The solution developed by CAE features the PMB25 rain gauge: the most accurate and fast sensor for measuring the intensity of rain on the market today. It is a modern technology, specifically designed for use in the event of landslides or flash-flood, which detects and transmits to the competent authorities the exact value of rainfall intensity measured minute by minute. Alongside this sensor, a high-precision professional thermometer also operates. The automatic station is entirely powered by solar panels and buffer batteries, as is appropriate for all technologies with Civil Protection purposes and which must ensure continuity in any operating condition, and it transmits the data with a redundant architecture: both through GPRS module and UHF radio module inserted in the regional radio network managed by the Water Observatory of the Sicily Region.

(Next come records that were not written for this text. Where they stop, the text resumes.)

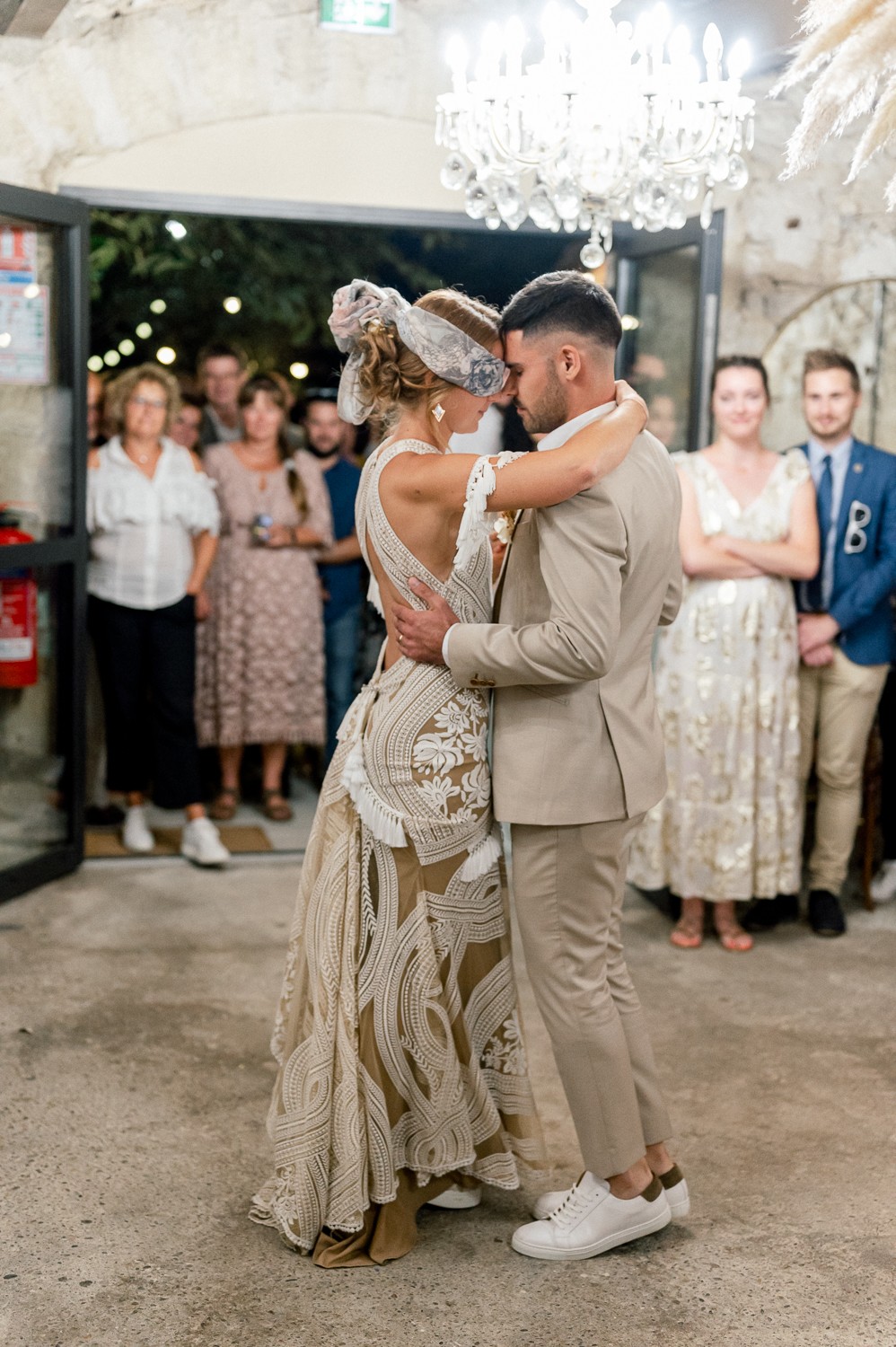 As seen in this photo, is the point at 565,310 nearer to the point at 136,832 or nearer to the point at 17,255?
the point at 17,255

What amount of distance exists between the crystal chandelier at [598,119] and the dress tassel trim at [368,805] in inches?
77.4

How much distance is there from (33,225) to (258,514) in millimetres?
1402

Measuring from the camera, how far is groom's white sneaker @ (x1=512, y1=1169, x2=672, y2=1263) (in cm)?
245

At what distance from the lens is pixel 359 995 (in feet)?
7.98

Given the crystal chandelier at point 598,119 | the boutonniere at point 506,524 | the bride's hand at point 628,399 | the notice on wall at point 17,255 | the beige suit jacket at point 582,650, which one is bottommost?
the beige suit jacket at point 582,650

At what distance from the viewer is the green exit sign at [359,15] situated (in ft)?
15.0

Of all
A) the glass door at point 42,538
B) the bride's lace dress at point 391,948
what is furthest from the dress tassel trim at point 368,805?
the glass door at point 42,538

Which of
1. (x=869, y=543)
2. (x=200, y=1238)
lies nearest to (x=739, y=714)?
(x=869, y=543)

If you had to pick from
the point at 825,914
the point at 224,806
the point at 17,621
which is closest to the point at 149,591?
the point at 17,621

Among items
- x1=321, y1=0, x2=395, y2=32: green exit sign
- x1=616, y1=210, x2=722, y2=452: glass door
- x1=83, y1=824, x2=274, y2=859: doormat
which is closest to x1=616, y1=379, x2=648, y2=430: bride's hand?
x1=616, y1=210, x2=722, y2=452: glass door

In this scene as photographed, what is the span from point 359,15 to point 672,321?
144 centimetres

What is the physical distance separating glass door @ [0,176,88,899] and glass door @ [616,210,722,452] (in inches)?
74.1

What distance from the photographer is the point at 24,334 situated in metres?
4.45

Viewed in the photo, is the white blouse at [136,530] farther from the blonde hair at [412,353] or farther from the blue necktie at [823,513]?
the blonde hair at [412,353] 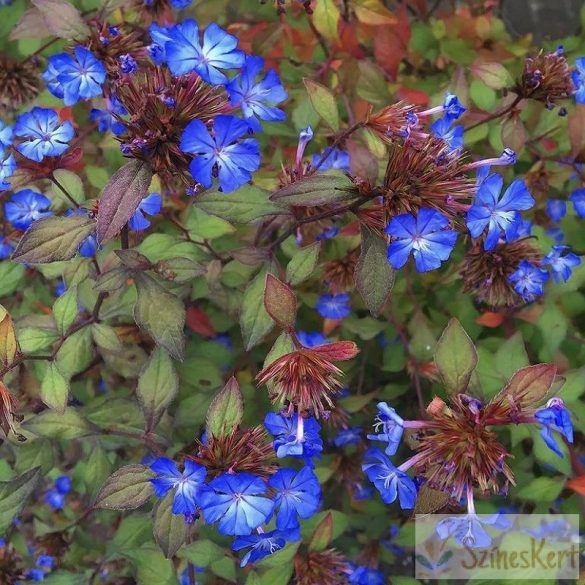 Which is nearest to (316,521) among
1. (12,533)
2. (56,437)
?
(56,437)

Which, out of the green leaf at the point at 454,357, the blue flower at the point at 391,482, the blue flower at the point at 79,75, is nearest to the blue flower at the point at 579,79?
the green leaf at the point at 454,357

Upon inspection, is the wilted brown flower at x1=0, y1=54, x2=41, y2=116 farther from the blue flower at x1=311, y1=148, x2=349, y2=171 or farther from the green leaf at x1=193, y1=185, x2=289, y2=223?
the green leaf at x1=193, y1=185, x2=289, y2=223

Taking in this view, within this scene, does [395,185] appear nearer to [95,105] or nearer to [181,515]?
[181,515]

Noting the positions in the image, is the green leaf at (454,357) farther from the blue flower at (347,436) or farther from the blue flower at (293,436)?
the blue flower at (347,436)

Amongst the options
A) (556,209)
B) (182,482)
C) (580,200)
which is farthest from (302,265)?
(556,209)

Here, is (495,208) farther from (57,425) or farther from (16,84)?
(16,84) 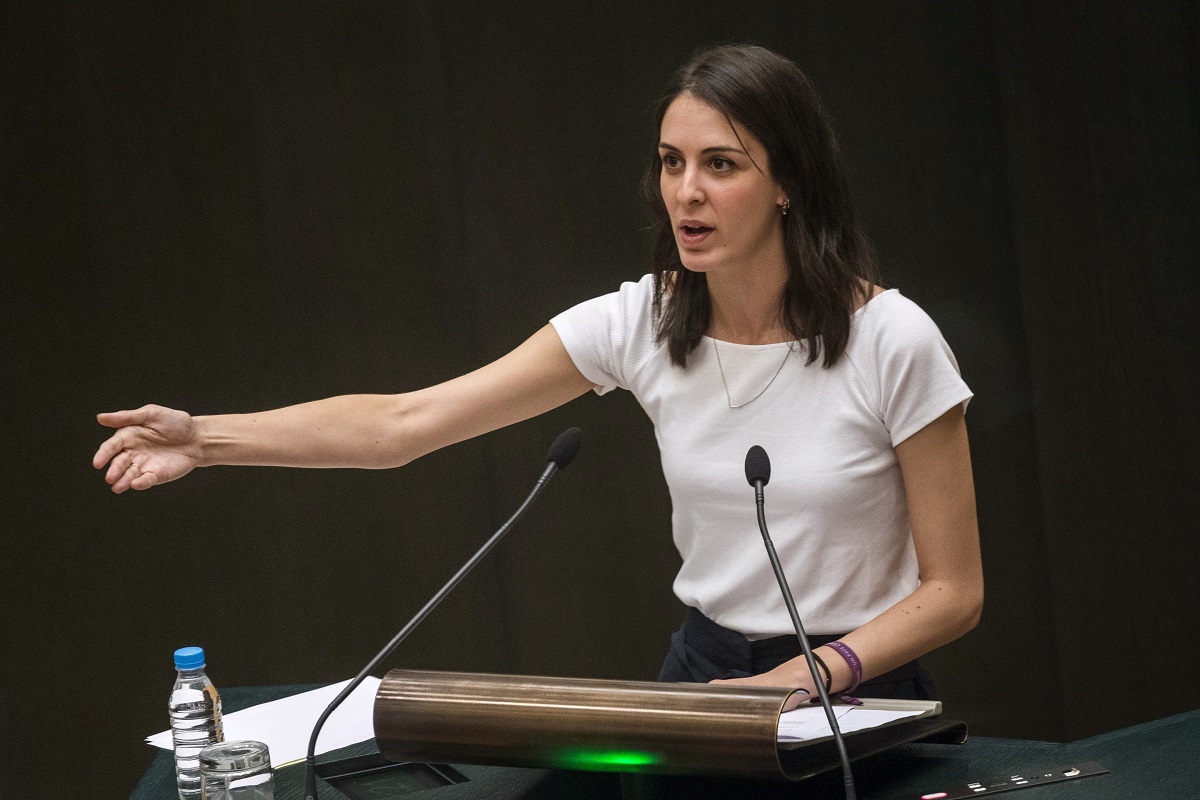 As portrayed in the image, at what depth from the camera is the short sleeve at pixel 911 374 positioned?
1.63m

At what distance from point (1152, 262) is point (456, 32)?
169 centimetres

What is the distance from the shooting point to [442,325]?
318 centimetres

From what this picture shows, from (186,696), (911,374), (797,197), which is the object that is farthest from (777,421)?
(186,696)

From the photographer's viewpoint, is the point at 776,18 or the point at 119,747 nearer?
the point at 776,18

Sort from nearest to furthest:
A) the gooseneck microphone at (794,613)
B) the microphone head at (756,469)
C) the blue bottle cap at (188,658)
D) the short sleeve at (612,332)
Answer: the gooseneck microphone at (794,613) < the microphone head at (756,469) < the blue bottle cap at (188,658) < the short sleeve at (612,332)

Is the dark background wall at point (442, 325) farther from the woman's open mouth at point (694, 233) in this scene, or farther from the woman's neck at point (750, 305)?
the woman's open mouth at point (694, 233)

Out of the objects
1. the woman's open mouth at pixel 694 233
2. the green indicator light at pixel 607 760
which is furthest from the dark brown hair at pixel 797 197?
the green indicator light at pixel 607 760

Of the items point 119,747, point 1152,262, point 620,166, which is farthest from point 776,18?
point 119,747

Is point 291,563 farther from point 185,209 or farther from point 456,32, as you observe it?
point 456,32

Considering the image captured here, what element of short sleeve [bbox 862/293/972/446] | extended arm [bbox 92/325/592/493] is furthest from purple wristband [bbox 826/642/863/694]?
extended arm [bbox 92/325/592/493]

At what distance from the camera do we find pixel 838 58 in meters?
2.88

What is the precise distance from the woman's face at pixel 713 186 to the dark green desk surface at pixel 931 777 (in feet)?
2.36

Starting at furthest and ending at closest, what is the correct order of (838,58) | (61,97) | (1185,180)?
(61,97), (838,58), (1185,180)

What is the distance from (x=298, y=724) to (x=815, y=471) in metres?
0.74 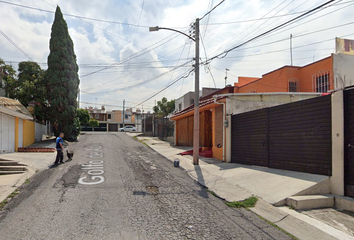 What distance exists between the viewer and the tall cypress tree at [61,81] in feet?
63.6

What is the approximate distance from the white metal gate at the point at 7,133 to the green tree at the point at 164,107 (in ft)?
82.7

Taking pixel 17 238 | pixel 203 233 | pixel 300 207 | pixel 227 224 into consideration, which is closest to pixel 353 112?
pixel 300 207

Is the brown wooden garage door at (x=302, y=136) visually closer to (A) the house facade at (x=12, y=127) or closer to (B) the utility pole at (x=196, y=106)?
(B) the utility pole at (x=196, y=106)

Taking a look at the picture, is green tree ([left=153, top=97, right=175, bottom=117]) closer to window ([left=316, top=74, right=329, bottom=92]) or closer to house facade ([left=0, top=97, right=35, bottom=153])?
house facade ([left=0, top=97, right=35, bottom=153])

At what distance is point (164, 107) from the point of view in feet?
125

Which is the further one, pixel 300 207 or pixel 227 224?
pixel 300 207

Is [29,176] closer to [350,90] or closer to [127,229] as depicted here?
[127,229]

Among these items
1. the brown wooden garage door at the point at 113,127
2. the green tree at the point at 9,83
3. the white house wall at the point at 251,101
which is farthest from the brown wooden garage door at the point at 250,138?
the brown wooden garage door at the point at 113,127

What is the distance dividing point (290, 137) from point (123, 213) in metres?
5.54

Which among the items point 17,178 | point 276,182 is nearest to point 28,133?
→ point 17,178

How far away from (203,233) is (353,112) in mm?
4421

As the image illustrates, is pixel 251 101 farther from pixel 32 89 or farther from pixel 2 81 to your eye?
pixel 2 81

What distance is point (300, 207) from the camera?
16.4 feet

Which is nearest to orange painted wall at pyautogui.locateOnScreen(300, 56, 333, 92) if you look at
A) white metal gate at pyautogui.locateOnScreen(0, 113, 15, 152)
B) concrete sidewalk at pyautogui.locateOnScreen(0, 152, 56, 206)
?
concrete sidewalk at pyautogui.locateOnScreen(0, 152, 56, 206) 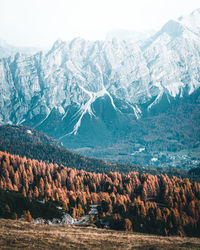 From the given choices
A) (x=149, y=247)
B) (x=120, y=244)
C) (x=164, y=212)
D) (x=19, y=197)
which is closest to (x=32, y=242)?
(x=120, y=244)

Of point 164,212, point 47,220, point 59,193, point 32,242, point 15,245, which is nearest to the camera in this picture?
point 15,245

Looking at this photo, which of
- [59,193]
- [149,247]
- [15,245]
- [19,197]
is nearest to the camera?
[15,245]

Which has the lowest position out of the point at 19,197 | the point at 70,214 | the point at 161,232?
the point at 161,232

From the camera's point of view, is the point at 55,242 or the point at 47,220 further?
the point at 47,220

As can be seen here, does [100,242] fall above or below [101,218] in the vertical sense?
above

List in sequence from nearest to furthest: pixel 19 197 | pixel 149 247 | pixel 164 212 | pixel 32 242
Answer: pixel 32 242
pixel 149 247
pixel 19 197
pixel 164 212

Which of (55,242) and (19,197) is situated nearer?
(55,242)

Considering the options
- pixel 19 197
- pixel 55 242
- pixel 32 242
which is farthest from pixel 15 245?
pixel 19 197

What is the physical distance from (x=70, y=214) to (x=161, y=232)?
51216 millimetres

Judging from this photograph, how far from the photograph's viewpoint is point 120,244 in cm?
6800

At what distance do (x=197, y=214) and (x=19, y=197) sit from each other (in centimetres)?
11380

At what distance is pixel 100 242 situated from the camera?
224 feet

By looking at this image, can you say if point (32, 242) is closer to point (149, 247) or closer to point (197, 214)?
point (149, 247)

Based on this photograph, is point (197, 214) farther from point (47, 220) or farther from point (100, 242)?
point (100, 242) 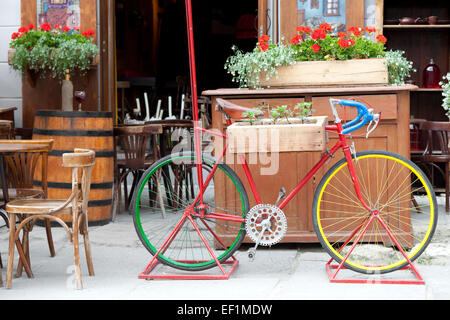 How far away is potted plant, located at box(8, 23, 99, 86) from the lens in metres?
6.48

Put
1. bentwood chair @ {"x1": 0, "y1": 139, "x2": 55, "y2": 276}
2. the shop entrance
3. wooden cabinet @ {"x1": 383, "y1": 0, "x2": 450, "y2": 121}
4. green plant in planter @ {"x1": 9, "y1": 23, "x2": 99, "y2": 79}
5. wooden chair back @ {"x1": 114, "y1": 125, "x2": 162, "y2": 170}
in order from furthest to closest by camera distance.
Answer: the shop entrance → wooden cabinet @ {"x1": 383, "y1": 0, "x2": 450, "y2": 121} → green plant in planter @ {"x1": 9, "y1": 23, "x2": 99, "y2": 79} → wooden chair back @ {"x1": 114, "y1": 125, "x2": 162, "y2": 170} → bentwood chair @ {"x1": 0, "y1": 139, "x2": 55, "y2": 276}

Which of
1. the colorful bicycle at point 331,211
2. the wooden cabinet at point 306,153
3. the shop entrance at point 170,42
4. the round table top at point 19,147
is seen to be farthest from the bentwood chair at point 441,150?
the shop entrance at point 170,42

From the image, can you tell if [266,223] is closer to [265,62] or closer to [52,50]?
Result: [265,62]

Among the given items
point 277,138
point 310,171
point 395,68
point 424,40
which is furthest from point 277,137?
→ point 424,40

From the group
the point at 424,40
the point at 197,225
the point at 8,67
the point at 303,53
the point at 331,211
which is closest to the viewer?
the point at 197,225

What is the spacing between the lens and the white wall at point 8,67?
720cm

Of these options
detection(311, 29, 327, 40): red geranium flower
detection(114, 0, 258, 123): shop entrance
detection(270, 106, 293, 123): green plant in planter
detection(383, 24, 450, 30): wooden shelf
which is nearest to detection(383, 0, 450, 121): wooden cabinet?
detection(383, 24, 450, 30): wooden shelf

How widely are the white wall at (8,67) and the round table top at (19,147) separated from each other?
2881 millimetres

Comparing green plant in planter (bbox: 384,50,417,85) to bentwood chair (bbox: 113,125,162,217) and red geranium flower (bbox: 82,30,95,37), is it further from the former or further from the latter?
red geranium flower (bbox: 82,30,95,37)

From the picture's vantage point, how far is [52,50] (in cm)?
651

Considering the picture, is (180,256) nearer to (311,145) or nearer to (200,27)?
(311,145)

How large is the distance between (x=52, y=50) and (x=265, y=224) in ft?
10.8

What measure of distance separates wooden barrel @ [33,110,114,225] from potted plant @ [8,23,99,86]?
91 centimetres

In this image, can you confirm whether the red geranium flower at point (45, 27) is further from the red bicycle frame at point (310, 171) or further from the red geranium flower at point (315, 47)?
the red bicycle frame at point (310, 171) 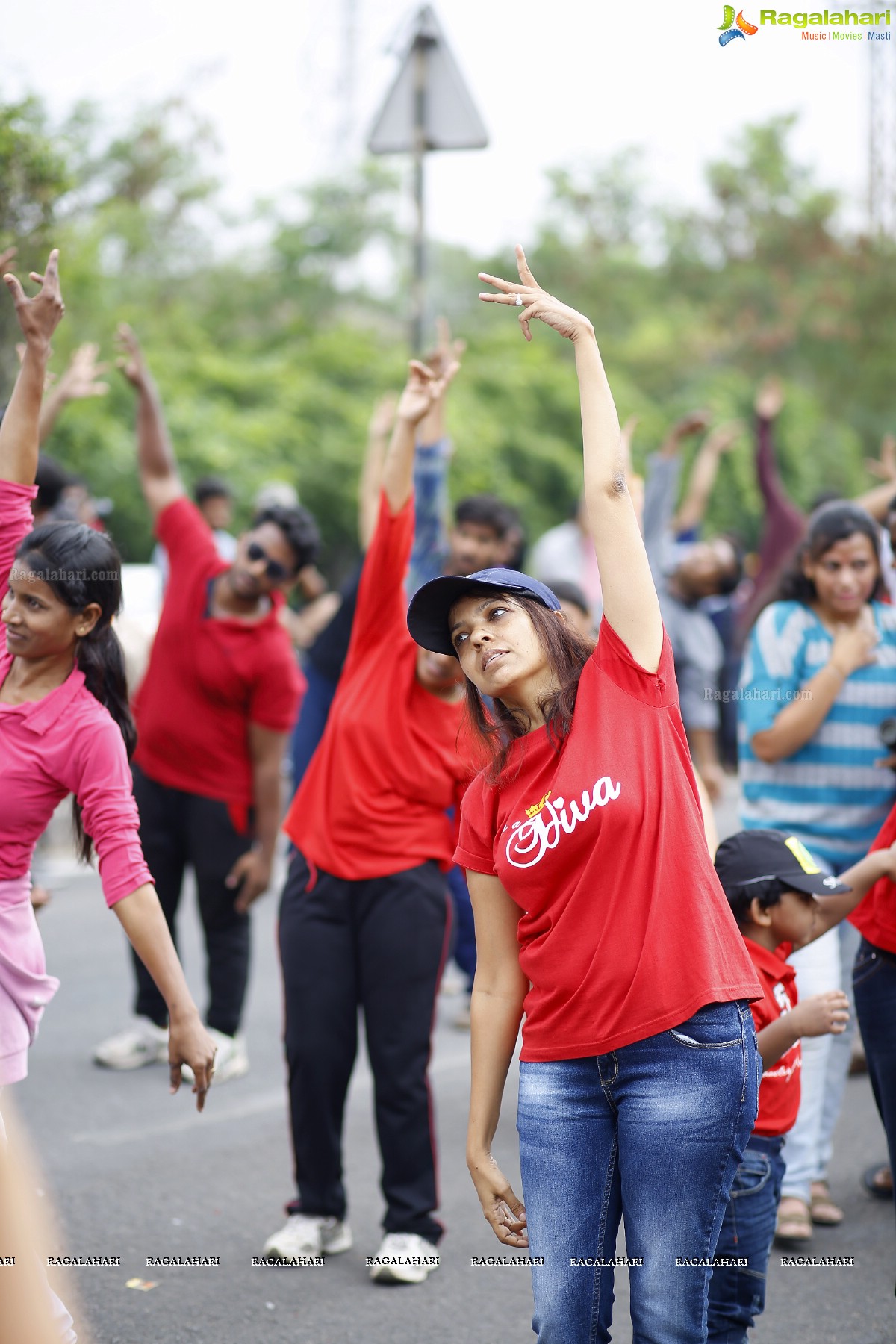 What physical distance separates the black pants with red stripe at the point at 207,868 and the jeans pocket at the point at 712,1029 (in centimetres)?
316

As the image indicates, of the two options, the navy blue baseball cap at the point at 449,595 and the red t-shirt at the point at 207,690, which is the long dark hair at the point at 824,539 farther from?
the red t-shirt at the point at 207,690

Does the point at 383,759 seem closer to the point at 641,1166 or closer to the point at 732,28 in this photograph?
the point at 641,1166

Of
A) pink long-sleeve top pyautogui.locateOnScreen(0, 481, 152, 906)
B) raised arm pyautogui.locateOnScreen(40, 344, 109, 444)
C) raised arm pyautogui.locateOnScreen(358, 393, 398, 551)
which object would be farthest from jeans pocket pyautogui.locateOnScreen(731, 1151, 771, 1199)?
raised arm pyautogui.locateOnScreen(40, 344, 109, 444)

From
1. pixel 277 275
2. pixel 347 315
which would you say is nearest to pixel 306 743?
pixel 277 275


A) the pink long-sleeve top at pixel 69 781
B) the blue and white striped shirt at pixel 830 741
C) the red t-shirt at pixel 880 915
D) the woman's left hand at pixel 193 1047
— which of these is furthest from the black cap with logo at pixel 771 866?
the pink long-sleeve top at pixel 69 781

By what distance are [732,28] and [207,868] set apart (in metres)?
3.45

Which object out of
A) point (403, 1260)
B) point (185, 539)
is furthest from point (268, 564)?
point (403, 1260)

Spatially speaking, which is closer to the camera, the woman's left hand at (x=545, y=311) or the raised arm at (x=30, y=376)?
the woman's left hand at (x=545, y=311)

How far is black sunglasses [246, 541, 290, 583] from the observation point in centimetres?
518

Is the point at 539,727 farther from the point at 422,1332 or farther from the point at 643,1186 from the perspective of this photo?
the point at 422,1332

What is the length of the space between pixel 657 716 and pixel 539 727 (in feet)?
0.80

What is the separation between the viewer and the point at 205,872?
5.38 m

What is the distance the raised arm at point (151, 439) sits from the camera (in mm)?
4770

Furthermore, the data collected by the station are regularly transmitted in real-time - via the Functional Centres circuit - to the National Department of Civil Protection in Rome, and via FTP to the Centre for National Research (CNR IRPI) in Perugia for the planned analysis and processing. 

CAE has provided an important contribution - with its own technology and the ability to respond immediately - to the solution of the serious water emergency which hit Messina, in line with company's mission: manufacturing the most innovative systems for the protection of territory and the most advanced solutions for the security of the population.